● Exercise objective:
In the material below, the lines from the one containing "2022 Topps Chrome" through the one containing "Lion outline - Men's" are to be given again exactly, ends included, and no others.

● Dataset records:
——
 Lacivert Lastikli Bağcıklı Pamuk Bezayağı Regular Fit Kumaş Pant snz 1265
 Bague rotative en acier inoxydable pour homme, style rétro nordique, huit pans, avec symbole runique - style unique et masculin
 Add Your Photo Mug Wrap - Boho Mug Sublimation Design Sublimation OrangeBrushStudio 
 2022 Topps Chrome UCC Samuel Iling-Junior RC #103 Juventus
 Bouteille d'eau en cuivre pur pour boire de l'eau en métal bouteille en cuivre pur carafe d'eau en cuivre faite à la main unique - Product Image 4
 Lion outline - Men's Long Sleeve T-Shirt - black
——
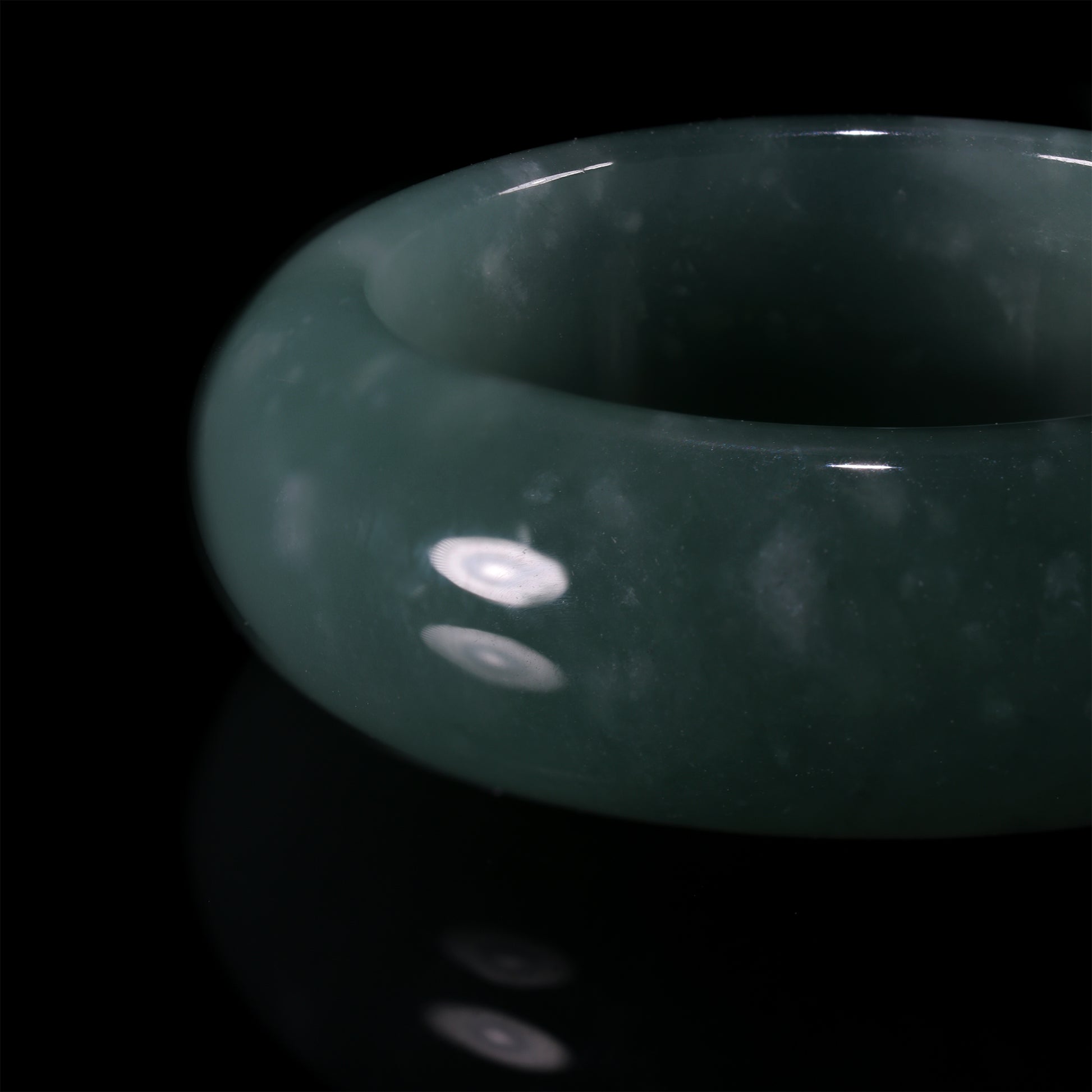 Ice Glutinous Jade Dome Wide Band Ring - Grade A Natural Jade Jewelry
——
● Answer to the problem:
 2022 Topps Chrome UCC Samuel Iling-Junior RC #103 Juventus
 Bouteille d'eau en cuivre pur pour boire de l'eau en métal bouteille en cuivre pur carafe d'eau en cuivre faite à la main unique - Product Image 4
 Lion outline - Men's Long Sleeve T-Shirt - black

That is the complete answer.